As I read the Friday morning lectionary readings, I am struck by the passage above from Psalm 102. It left me reflecting on a very basic question:

Why are we going?

We will gather soon with fellow pilgrims, first with our friends and fellow sojourners from Northern California. Then we will gather with fellow pilgrims in Jerusalem -- and not just Christians. We will be with pilgrims from all over the world, drawn to this birth place of three great world religions. The Holy Hill of Zion, the place where it is said that Abraham nearly sacrificed his son, Isaac; where it is said that Jesus challenged the religious (and Roman) authorities; where it is said that Muhammad ascended to Heaven.

Pilgrims will be there from everywhere on this globe, bringing with them very different perspectives, very different stories, and very different interpretations of our common story. We will converge on a city many of think is the the home of the Almighty, the navel of the world. And we will be in a place with a long, bloody history of conquest, pogroms, purges, Crusades, occupation, warfare, intifada, unrest -- the most disputed and fought-over piece of ground on earth.

Why are we going?

The Psalmist helps me to articulate an answer, and perhaps it is only the beginning of an answer: We are going to the ground where the Psalmist says God heard the groans of the captives; the ground where God came to set free those who are condemned to die -- to heal them. To heal us.

From my Christian perspective, I see this ground as the place where Jesus came as the embodiment of God's compassion, the One who suffered on the Cross as a lowly human being -- as a condemned captive -- to show us a different way to live, a way of freedom and healing.
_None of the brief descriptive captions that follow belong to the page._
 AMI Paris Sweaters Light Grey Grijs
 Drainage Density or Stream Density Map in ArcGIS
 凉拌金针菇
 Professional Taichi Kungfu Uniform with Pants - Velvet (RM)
And it happened right there in the Holy city where we go. We go to touch this place, to hear the story and be where all this happened. We go to feel the dust in our shoes, to enter into the story as our story.
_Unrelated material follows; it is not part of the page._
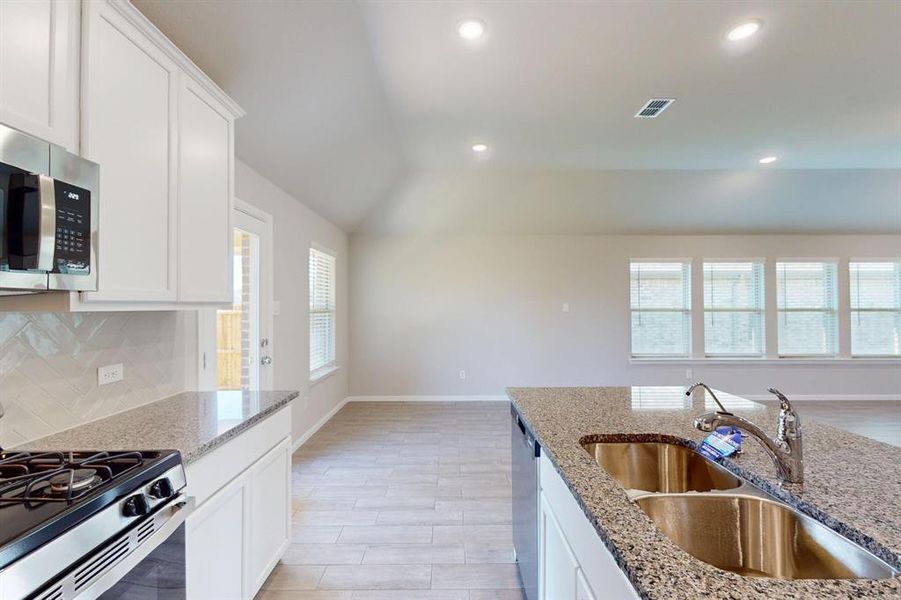Furnished interior view inside a new home in Sagebrook, Argyle (Image 8). Furnished interior view inside a new home in Sagebrook, Argyle (Image 8).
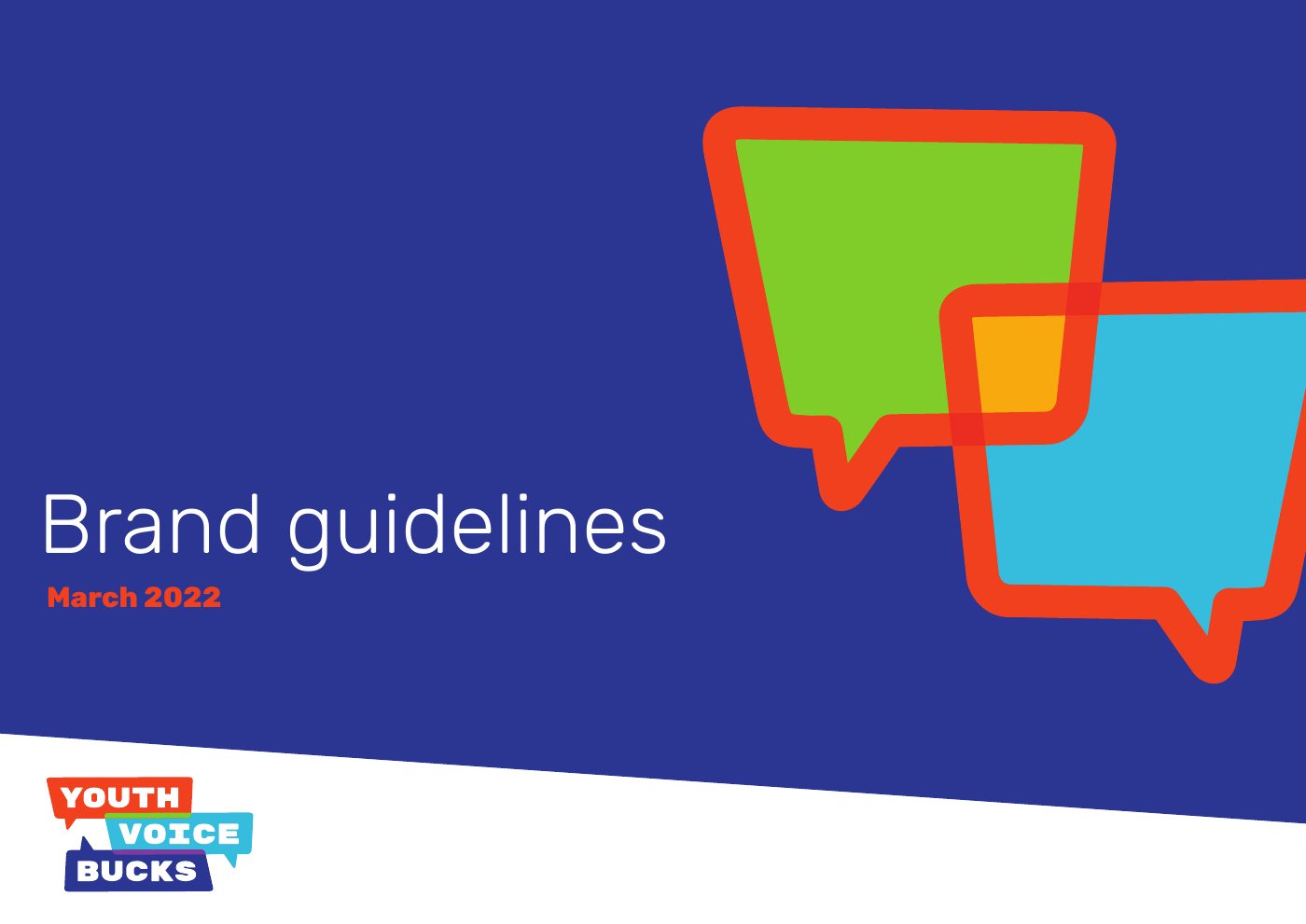 Youth Voice Bucks brand guidelines: Brand guidelines, March 2022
And, as the Psalmist declares, we go to praise God in Jerusalem, "to declare the Name of Lord," and to hear others praise God, each in their own languages. We go to listen. I cannot yet imagine what that will sound like. But I can hardly wait to listen to the words, the tones, the ring of praise.

Finally, we go to serve: "When the peoples are gathered together, and the kingdoms also, to serve the LORD." 

I don't yet know what that service will look like; I don't yet know where this pilgrimage will take us in serving when we return. But ultimately, for this pilgrimage to be legitimate, it will lead to serving in a new way. Somehow.

How to find out what serving will look like? That is the point of going.